Moreover, Wright v. McCoy, Tex.Civ.App., 131 S.W.2d 52, 54, holds that speed did not cause a collision between two trucks, one of which was driving on the left-hand side of the road. It stated:

“Did the speed of Wright’s truck cause the injury? We may begin with that inquiry since technical proximate cause includes simple cause. Therefore, if the speed of the truck was not a cause of the collision, then such speed, if negligence, was not a proximate cause of the injuries resulting from the collision. Under the jury’s finding that McCoy’s driver was driving the truck on his left-hand side of the highway, supplemented by the undisputed evidence, we are unable to see that the speed of Wright’s truck was a cause of the collision. There was no evidence to support the conclusion, or inference, that if Wright’s truck had been traveling 24 miles an hour, or 5 miles an hour, or even had it been standing still in the place of the collision, such collision would not have happened. It is equally apparent that but for the negligence of McCoy’s driver there is no evidence to support a conclusion or warrant an inference that if Wright’s truck had been going 60 miles an hour the collision could have occurred as a result of such speed. The speed of Wright’s truck could not have been a cause of the collision, except only in some such sense as that if his truck had not been on the highway at all the collision would not have occurred. That is not believed to be within the common and ordinary meaning of the word ‘cause.’ ”

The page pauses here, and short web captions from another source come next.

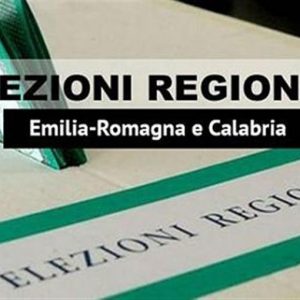 REGIONALI – Vince il Pd ma crolla l’affluenza e la Lega surclassa Berlusconi e Grillo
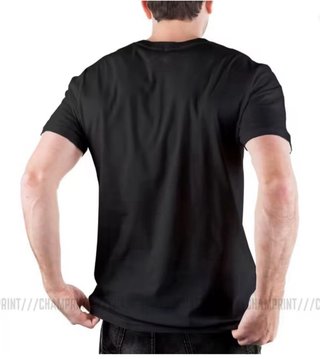 Camiseta Kojima Productions Talla M
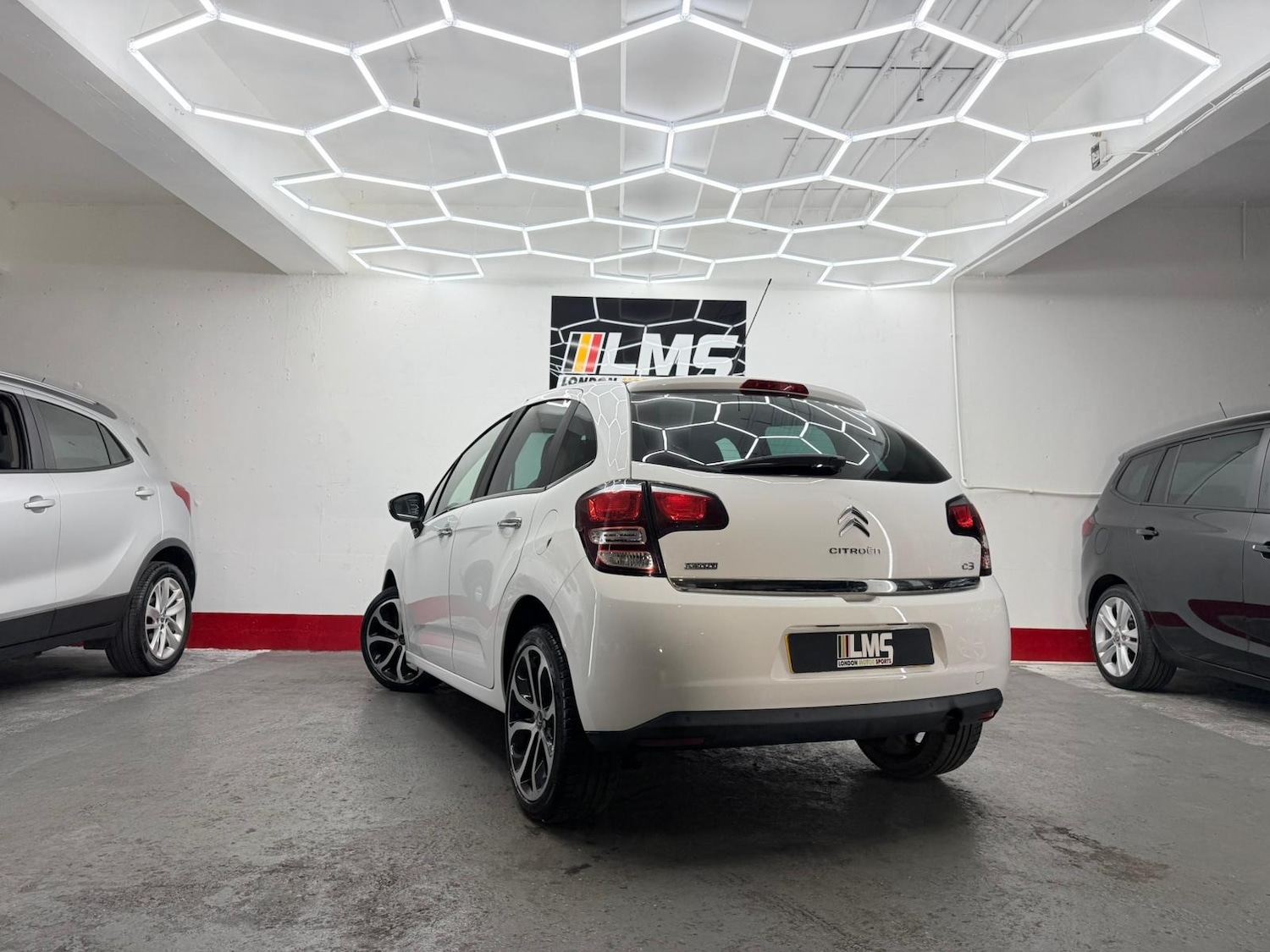 Used Citroen C3 2016 for sale - 76637168: Photo 67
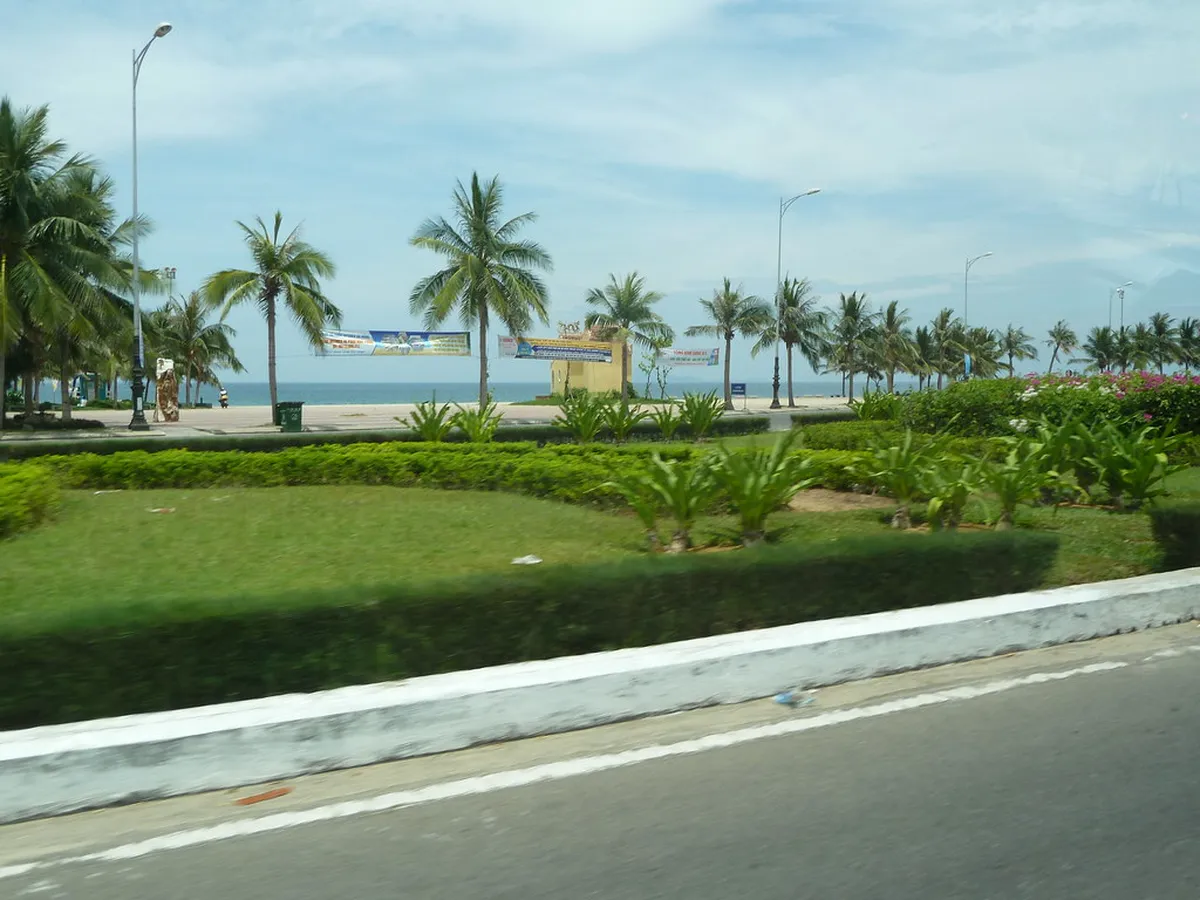 Best Luxury Hotels and Resorts in Da Nang during independent travel in Vietnam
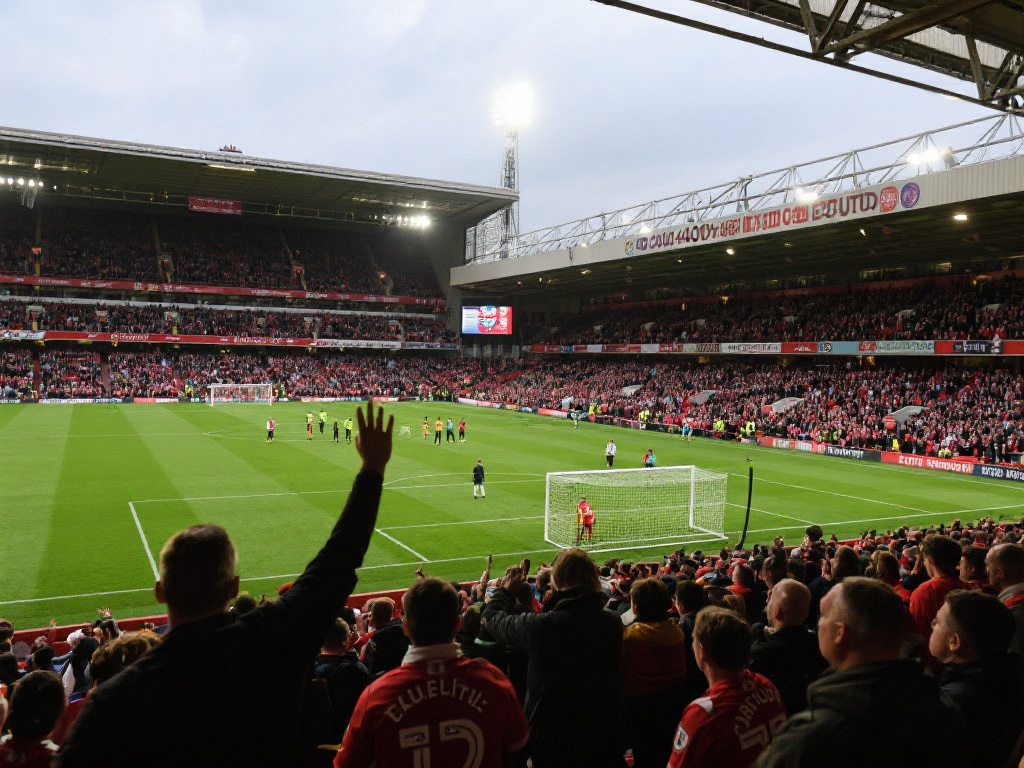 英格兰球场观众数上季超4450万，稳居欧洲榜首，德国和西班牙分居二三位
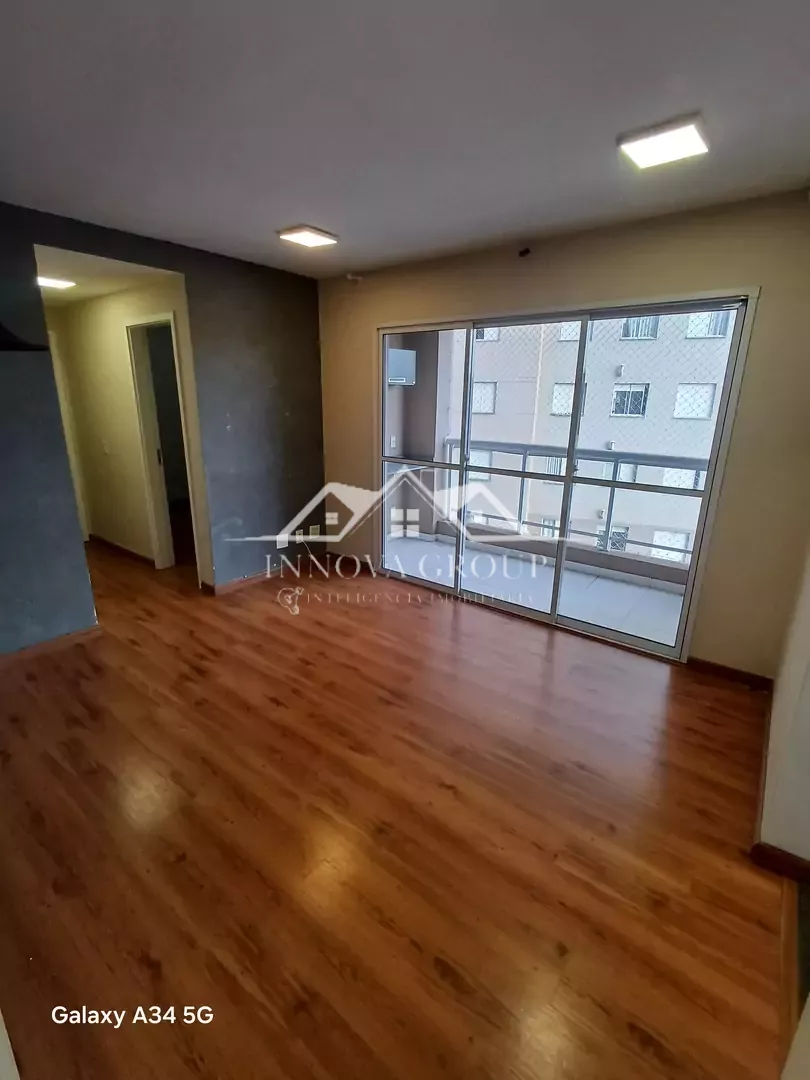 Apartamento para aluguel, 52m2, 2 dormitórios, vaga, lazer no Jd Roberto, Osasco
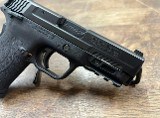 SMITH & WESSON M&P 9 SHIELD EZ M2.0 9MM LUGER (9x19 PARA) - 7 of 8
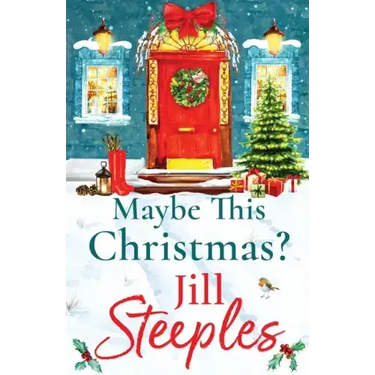 Maybe This Christmas?
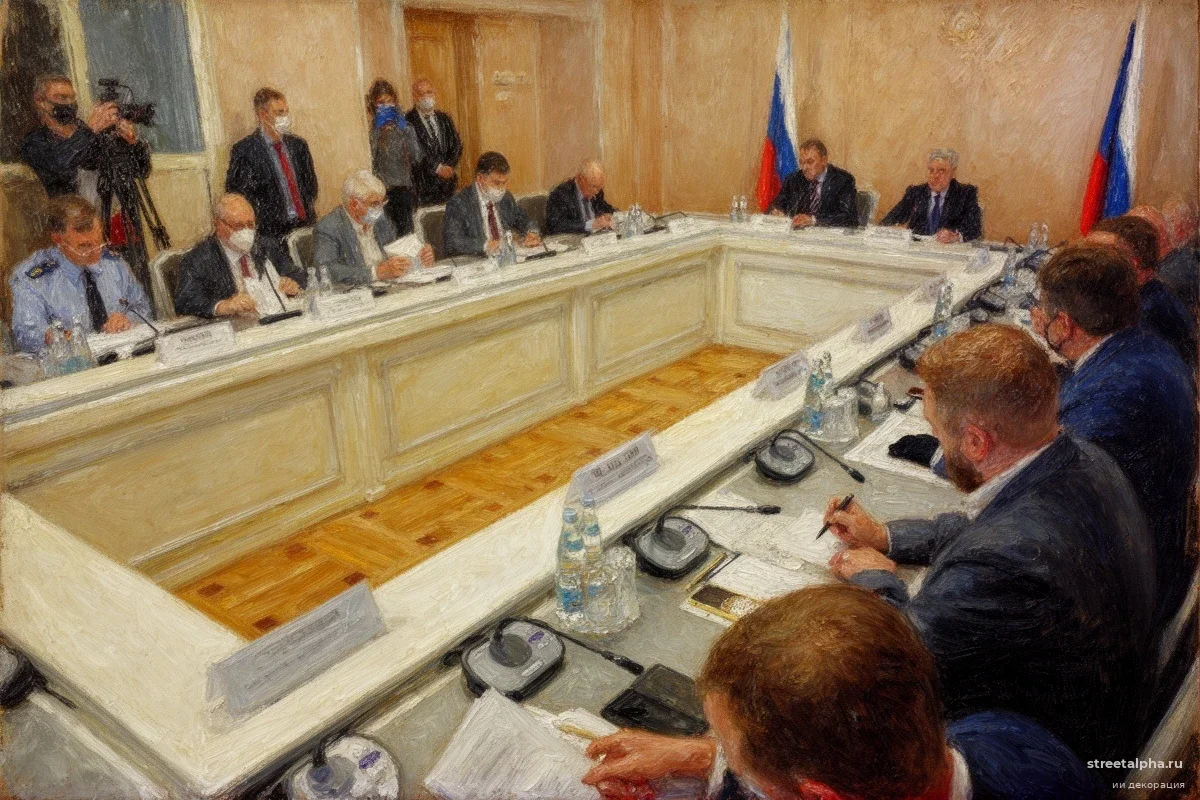 Госдума меняет правила эквайринга: как новый лимит комиссий отразится на ценниках в магазинах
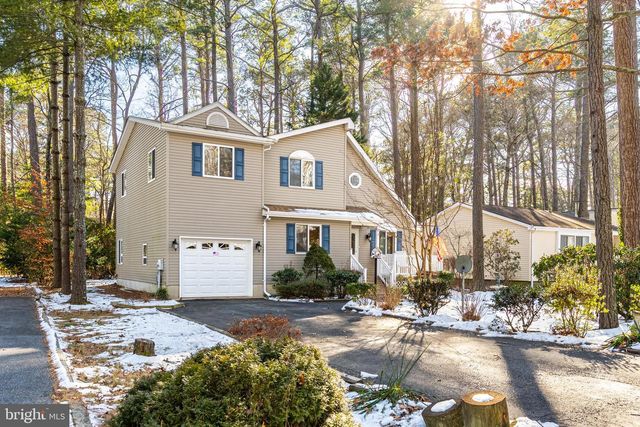 29 PINEHURST RD, Ocean Pines, MD 21811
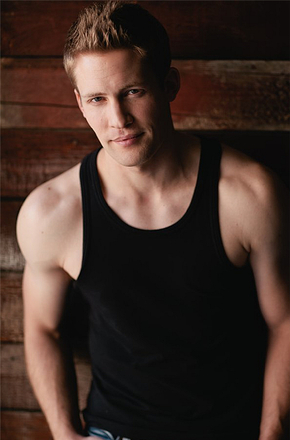 雅各布·布莱尔/jacob blair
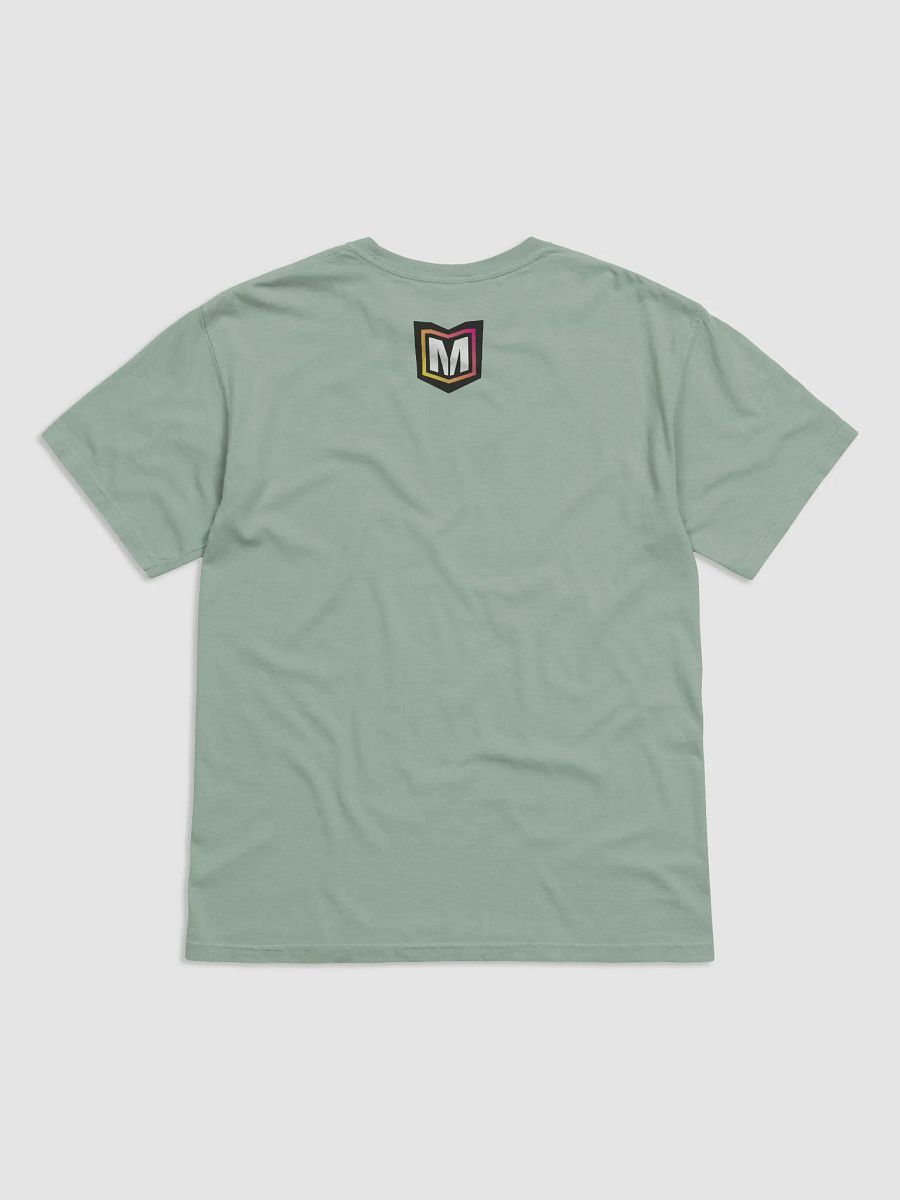 The 'FriYAY Mixtape' T-shirt product image (2)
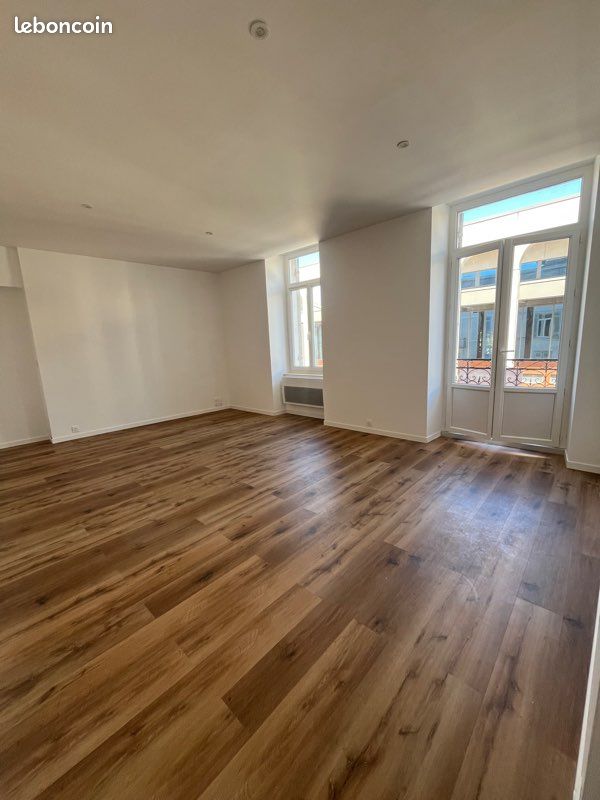 Appartement 3 pièces 65 m² · à Dax · 65 m² · 875 €/mois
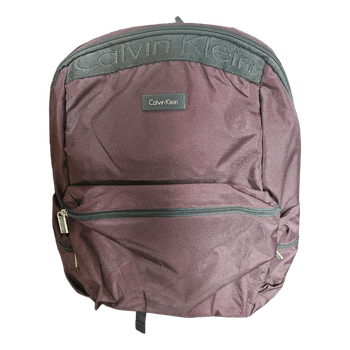 Calvin Klein backpack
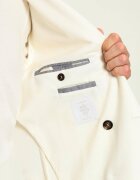 Eleventy Sacou | regular fit | cu adaos de in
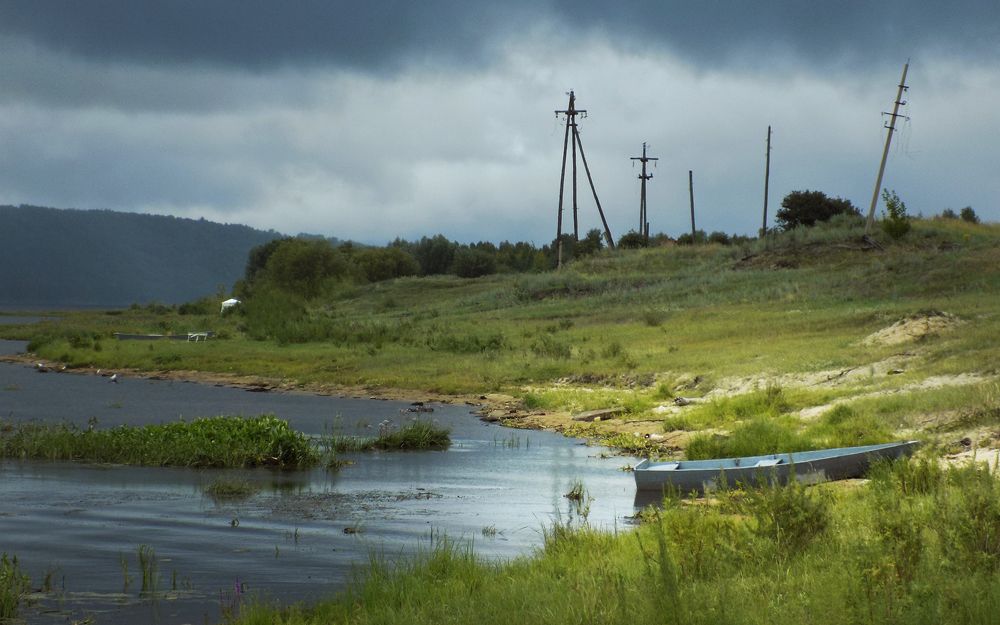 Photograph by Сергей Рудаков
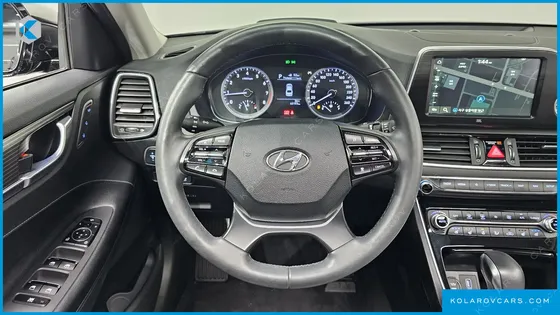 HYUNDAI GRANDEUR 2.4 PREMIUM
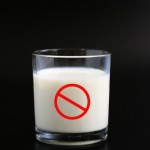 picture of no  milk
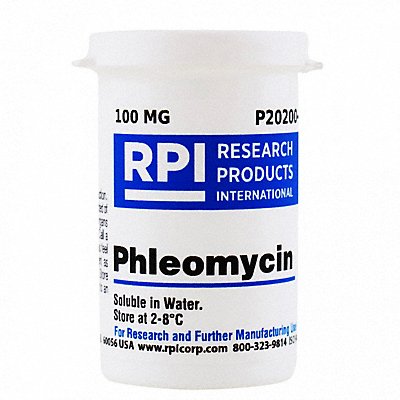 Phleomycin 100mg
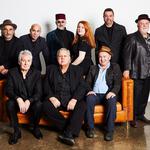 The Maple Blues Revue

In a three-way accident strikingly similar to the instant case, where a passing vehicle moved into the left lane and struck an oncoming vehicle that was in its right lane, the court said, with reference to speed of the latter vehicle: “Besides, it seems to us that in no event did the speed of Piland’s car constitute a contributing cause to the accident. It was being driven well easterly of the center line of the pavement so as not in the least to interfere with the proper driving of vehicles in the opposite direction southerly along the westerly side of the pavement.” Piland v. Yakima Motor Coach Co., 162 Wash. 456, 298 P. 419, 420. This same view is expressed in Whalen v. Dunbar, 44 R.I. 136, 115 A. 718, 720:

“There was no danger whatever, regardless of the speed of the defendant’s automobile, until Brown suddenly drove his automobile across the road in front of the defendant’s automobile at such close proximity to it that the collision was inevitable. If it should be conceded that the defendant’s automobile at the time the emergency was created was proceeding at a rate of speed in excess of the statutory limit, there was no testimony of probative value showing or tending to show that the accident would not have happened if the defendant’s automobile had been proceeding at the rate of 25 miles per hour, or even at a much less rate of speed, or that the speed of the defendant’s automobile in any way entered into the cause of the collision.
“As the speed of the defendant’s automobile in no wise contributed to the accident, the rate of speed is immaterial, and liability cannot be predicated upon the speed of said automobile. Burlie v. Stephens, 113 Wash. 182, 193 P. 684; Cross v. Rosencranz, 108 Kan. 350, 195 P. 857.”

See also, Rabold v. Gonyer, 285 Ky. 618, 148 S.W.2d 728; Thronton v. Phillips, 262 Ky. 346, 90 S.W.2d 347.

Appellants present the final point that one juror during the deliberations stated that Davis, the deceased, may have died by reason of a heart.attack following the initial collision with the left rear portion of the Cigarette truck. The evidence heard on the motion for new trial with reference to jury misconduct shows that the remark was a casual passing remark, which was not discussed. No finding of misconduct was made by the trial court. Rosamond v. Keyes, Tex.Civ.App., 255 S.W.2d 399. If misconduct did exist, it was not material. Akers v. Epperson, 141 Tex. 189, 171 S.W.2d 483, 486, 156 A.L.R. 1028, Maddox v. Texas Indemnity Insurance Co., Tex.Civ.App., 224 S.W.2d 495, 499.

The judgment of the trial court is affirmed.